Segment Start: Materials provided

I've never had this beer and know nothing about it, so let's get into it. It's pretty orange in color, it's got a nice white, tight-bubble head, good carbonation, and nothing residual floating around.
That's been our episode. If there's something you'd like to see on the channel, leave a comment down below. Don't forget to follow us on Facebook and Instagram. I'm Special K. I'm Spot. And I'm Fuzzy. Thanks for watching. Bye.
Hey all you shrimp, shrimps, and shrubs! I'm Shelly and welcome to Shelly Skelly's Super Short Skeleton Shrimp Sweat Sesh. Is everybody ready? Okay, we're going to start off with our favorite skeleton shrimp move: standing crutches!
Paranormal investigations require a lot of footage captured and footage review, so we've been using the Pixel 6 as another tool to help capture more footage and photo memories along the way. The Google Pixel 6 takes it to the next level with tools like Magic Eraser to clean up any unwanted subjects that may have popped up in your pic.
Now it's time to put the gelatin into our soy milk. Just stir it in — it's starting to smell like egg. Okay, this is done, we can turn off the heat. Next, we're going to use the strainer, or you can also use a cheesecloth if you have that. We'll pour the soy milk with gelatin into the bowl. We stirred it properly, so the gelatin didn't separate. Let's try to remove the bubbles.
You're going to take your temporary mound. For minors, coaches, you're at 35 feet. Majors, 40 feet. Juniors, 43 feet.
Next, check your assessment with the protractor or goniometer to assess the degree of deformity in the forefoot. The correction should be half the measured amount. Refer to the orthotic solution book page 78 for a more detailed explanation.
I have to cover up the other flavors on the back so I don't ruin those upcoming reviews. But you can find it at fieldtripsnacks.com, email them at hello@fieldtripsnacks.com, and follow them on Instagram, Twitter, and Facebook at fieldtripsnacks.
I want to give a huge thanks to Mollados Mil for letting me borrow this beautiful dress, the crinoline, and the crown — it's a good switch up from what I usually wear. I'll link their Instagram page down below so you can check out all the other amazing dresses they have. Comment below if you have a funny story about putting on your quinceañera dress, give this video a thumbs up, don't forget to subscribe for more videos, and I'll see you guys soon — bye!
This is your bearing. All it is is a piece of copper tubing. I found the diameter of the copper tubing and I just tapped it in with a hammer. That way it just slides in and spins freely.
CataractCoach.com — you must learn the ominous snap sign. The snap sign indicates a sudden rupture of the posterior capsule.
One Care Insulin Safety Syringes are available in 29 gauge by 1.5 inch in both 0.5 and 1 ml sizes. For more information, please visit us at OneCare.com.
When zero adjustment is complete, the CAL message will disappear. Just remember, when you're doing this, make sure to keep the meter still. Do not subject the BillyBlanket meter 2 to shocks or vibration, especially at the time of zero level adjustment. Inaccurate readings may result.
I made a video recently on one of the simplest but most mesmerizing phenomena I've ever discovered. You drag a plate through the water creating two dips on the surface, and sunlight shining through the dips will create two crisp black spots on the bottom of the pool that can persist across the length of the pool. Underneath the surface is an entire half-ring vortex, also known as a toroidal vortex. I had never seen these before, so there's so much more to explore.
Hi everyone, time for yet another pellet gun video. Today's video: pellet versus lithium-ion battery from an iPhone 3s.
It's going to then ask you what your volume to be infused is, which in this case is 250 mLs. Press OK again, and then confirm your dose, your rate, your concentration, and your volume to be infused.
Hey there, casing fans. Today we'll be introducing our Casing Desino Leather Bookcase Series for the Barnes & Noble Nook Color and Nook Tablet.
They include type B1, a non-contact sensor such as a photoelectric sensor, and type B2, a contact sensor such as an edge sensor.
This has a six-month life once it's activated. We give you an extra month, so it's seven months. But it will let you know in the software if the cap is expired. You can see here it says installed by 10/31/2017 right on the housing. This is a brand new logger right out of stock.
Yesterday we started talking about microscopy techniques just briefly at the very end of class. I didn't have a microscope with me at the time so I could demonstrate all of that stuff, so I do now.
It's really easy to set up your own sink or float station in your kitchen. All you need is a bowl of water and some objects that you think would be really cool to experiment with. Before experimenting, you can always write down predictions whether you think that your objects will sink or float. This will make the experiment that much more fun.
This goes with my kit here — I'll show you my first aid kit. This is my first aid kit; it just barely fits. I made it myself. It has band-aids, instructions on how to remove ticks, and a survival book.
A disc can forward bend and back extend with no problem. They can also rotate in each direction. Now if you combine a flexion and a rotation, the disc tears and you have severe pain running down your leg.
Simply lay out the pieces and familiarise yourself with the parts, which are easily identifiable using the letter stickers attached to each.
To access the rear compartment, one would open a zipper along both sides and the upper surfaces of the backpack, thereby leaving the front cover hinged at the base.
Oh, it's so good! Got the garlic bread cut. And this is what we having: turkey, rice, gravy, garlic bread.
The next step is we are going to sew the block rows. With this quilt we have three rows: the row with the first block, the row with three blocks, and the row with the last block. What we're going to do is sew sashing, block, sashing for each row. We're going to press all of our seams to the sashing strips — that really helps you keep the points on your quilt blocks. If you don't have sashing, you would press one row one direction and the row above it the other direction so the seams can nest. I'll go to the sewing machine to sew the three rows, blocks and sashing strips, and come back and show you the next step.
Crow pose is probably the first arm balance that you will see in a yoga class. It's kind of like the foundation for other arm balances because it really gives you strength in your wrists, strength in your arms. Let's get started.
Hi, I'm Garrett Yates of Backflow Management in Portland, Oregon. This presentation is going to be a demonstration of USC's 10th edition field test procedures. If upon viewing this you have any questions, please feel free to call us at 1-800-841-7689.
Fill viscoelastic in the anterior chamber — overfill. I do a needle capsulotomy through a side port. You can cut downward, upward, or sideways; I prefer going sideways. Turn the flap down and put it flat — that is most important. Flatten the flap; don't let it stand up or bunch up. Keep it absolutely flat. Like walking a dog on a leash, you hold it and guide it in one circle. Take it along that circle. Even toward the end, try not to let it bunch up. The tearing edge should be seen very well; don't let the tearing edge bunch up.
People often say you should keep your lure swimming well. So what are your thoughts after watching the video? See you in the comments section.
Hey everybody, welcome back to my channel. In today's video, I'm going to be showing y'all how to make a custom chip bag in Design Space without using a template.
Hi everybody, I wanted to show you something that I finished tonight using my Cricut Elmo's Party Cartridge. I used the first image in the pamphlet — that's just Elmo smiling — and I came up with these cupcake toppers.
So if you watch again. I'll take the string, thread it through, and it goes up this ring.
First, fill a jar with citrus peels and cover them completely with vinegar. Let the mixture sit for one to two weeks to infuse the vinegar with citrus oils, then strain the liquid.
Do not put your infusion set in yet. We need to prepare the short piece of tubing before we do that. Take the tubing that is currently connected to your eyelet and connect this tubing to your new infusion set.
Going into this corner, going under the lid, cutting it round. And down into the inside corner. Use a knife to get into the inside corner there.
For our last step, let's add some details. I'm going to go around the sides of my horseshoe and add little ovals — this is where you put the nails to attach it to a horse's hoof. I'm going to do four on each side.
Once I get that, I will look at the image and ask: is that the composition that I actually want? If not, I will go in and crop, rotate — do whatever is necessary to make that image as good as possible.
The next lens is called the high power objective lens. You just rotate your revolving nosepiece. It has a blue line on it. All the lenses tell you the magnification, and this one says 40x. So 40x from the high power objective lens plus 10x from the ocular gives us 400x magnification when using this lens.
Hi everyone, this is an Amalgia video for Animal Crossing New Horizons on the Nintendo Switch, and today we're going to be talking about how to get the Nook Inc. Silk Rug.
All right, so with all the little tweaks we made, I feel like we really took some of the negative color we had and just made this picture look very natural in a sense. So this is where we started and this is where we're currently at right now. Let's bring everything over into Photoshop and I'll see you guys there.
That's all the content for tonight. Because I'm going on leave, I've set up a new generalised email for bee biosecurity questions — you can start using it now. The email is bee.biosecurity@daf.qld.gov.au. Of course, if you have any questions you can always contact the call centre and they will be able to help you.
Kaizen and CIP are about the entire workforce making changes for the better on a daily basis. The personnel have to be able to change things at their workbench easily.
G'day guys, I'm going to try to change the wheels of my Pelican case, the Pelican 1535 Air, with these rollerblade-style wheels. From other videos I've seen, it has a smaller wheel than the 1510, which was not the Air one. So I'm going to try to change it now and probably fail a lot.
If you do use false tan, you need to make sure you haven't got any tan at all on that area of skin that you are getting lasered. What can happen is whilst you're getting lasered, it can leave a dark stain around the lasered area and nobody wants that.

Segment End: Materials provided

■ **Problem to solve**: All lines above from the one with "I made a video" to the one with "Hey there, casing", inclusive, should be copied exactly, and no other lines.

■ **Reply**:
I made a video recently on one of the simplest but most mesmerizing phenomena I've ever discovered. You drag a plate through the water creating two dips on the surface, and sunlight shining through the dips will create two crisp black spots on the bottom of the pool that can persist across the length of the pool. Underneath the surface is an entire half-ring vortex, also known as a toroidal vortex. I had never seen these before, so there's so much more to explore.
Hi everyone, time for yet another pellet gun video. Today's video: pellet versus lithium-ion battery from an iPhone 3s.
It's going to then ask you what your volume to be infused is, which in this case is 250 mLs. Press OK again, and then confirm your dose, your rate, your concentration, and your volume to be infused.
Hey there, casing fans. Today we'll be introducing our Casing Desino Leather Bookcase Series for the Barnes & Noble Nook Color and Nook Tablet.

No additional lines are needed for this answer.